I’m making the biggest history today…for my self actually. I even didn’t realize it. Suddenly, it does happen…2 ½ year working, I’m never wear ‘baju kurung’ on Friday, usually I’m wearing blouse. Its actually my habit since study, coz normally, I didn’t have any class on Friday or maybe just have one class in the morning, so, usually, I’m wearing blouse or t-shirt on that day when I’m going to faculty. Its just happen like that..and become a habit.

Honestly, I’m not mentally normal today. That’s maybe the reason. I just pick up the next ‘baju kurung’ I should wear. (Well, I’m actually a systematic person, usually, I follow the sequence..). Suppose, I pick up the next blouse…or maybe, I forget today is Friday already.

Then, I deeply thinking…sometimes, people didn’t realize. They might do the unusual things when their mind is not feeling well…haha..it just happen to me. What can I say? ...nothing. Coz I already sit in front of my PC, wearing ‘baju kurung’ today. Lets bygone..be bygone. Its doesn’t matter, as long as I’m wearing the proper dress, right.

The problem is, what’s I’m thinking of right now…for this time being, there is no solution yet. Or maybe, got already, but I’m not sure whether the solution is the best or not…I keep thinking that in every second of time since last night. Surely, I can’t sleep well…++ I’m also dreaming an awful thing. Huh…terrible. It’s so troublesome. But the truth is there…I have to face it, whatever it is. I feel relieve a bit, coz I’m not do anything awful yet. Hope, it will never happen.. But, totally I’m not stable yet, I had just quarreled with someone..coz he did not call me back, telling me he can’t make it. He supposes to call me, so I can ask somebody else to do the job. Its totally urgent, cause I need to submit the document by today, I keep calling him since Monday, and he promise to make it. Just now, he told me, he got another job, that’s why he can’t make it…if that’s the reason, he should not promise me at the first place. He make me angry..totally. It is not my company, it’s your company. You should responsible…(it is another story from above…it just cause & effect relationship..hehe..).

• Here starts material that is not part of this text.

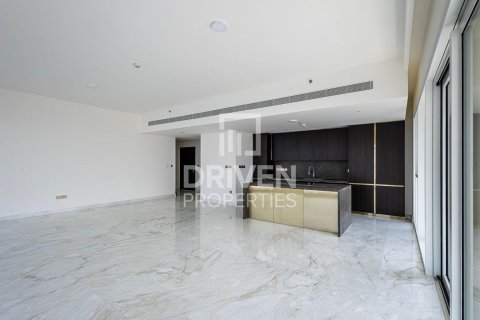 Снять в аренду квартиру в EMAAR Beachfront, Dubai Harbour, Дубай: 4 спальни, 254м², № 20881 - фото 2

Ok done..maybe, I need to be calm…its ok if I feel angry with the right person. It is totally not okay, if I suddenly angry with other person. But, surely, never mess up with me for this time being, cause, I’m not sure I can control my emotions…huhu…but, I have problem in determination of my anger…silence mode, it’s usually I’m doing. Or maybe crying….haha…that’s the best solution, right. ~

# May Allah Bless us….ujian itu kaffarah dosa. Jika itu takdirnya, kami redha…moga, kau kurniakan kami kekuatan untuk menghadapinya. Kerna, hanya Kau Yang Berkuasa atas segalanya.